- Occupation: medical doctor
- Known for: an expert on recognizing and treating the after-effects of torture

= Vincent Iacopino =

American doctor

Vincent Iacopino is an American doctor, who has specialized in the after-effects of torture.
He is the author or co-author of several books on torture, or that address topics related to torture. He came up with the idea of the Istanbul Protocol.

In 2001 Iacopino wrote a manual on recognizing and treating torture victims for the United Nations.

Iacopino published a paper entitled "Neglect of Medical Evidence of Torture in Guantánamo Bay: A Case Series" in April 2011.
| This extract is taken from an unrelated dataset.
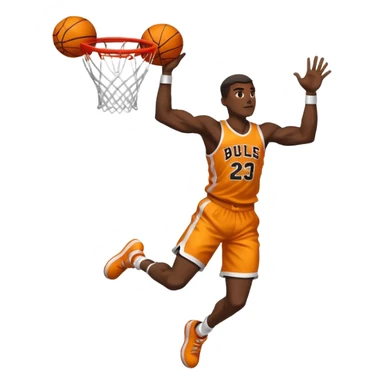 Basketball dunk  sticker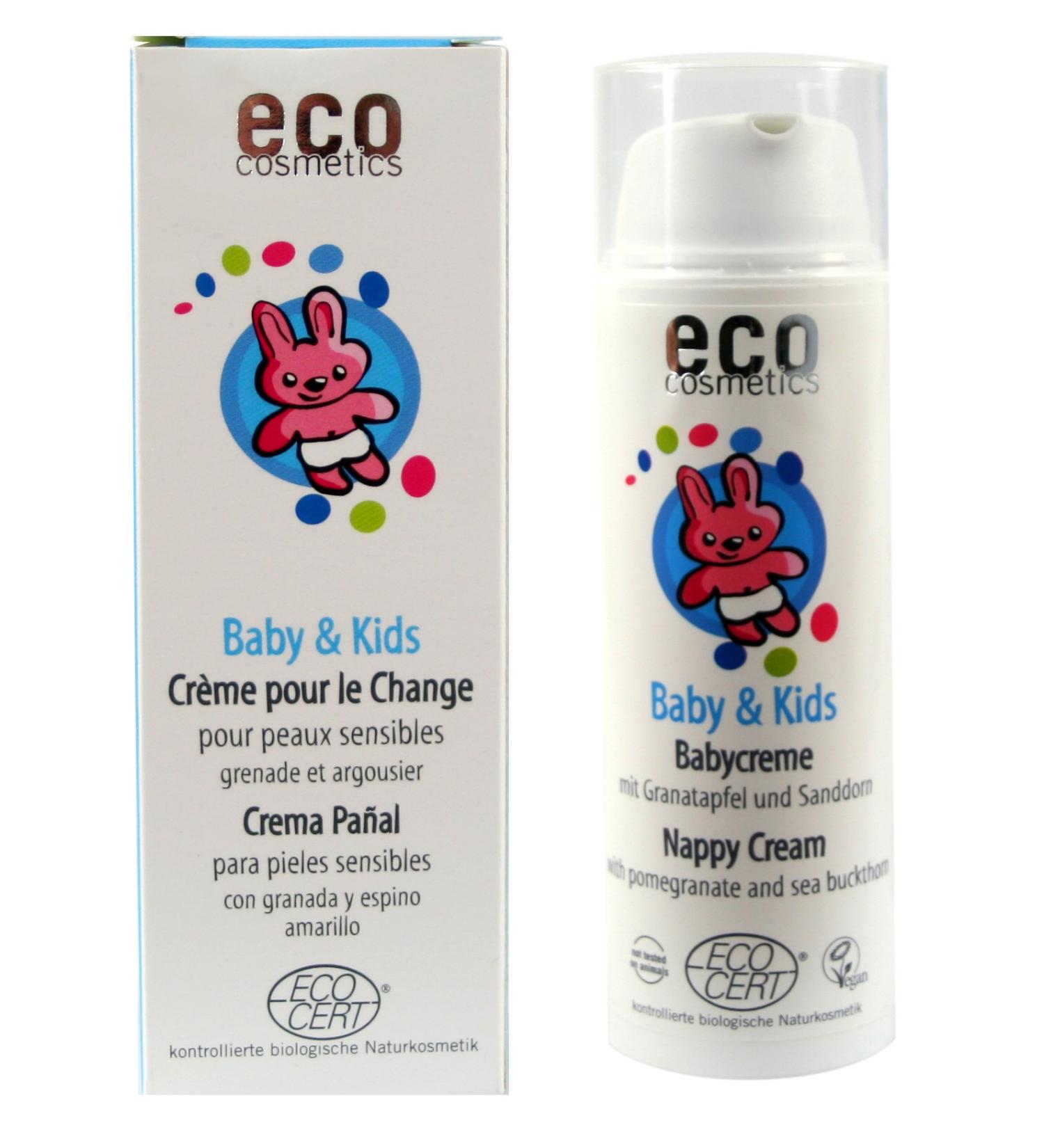 eco cosmetics ECO Baby & Kids Baby Cream Organic Baby Cream Organic Diaper Cream with Organic Sea Buckthorn and Pomegranate vegan 1x 50 ml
On February 5, 2013, Iacopino testified, by video link, at the Guantanamo Military Commission in the case of Abd al Rahim al Nashiri who is accused of involvement in the USS Cole bombing. Iacopino was asked on how to conduct a no-harm medical examination on Nashiri who was subject of what is described as a mock execution and who was waterboarded by the CIA twice.
On February 7, in response to a Prosecution request James Pohl, the Presiding Officer of al Nashiri's Military Commission ordered that a panel of mental health experts examine Al Nashiri. The Defense, in turn, argued that panel should take advice from Iacopino, on how to interview Al Nashiri without causing additional damage.

On March 28, 2016, Spencer Ackerman, writing in The Guardian, broke an account of how, although the CIA had illegally destroyed its extensive library of video tapes documenting the torture of the men and boys it had apprehended through its covert "snatch teams", it still retained humiliating naked photos of bruised and beaten captives that observers described as "gruesome". Iacopino was widely cited as an expert on torture who stated that humiliating captives by taking photos of them, while naked, was a form of sexual humiliation which could be considered a form of torture. According to Camila Vargax of Latercera, Iacopino called for an investigation, from international authorities, to determine whether the photos were a war crime.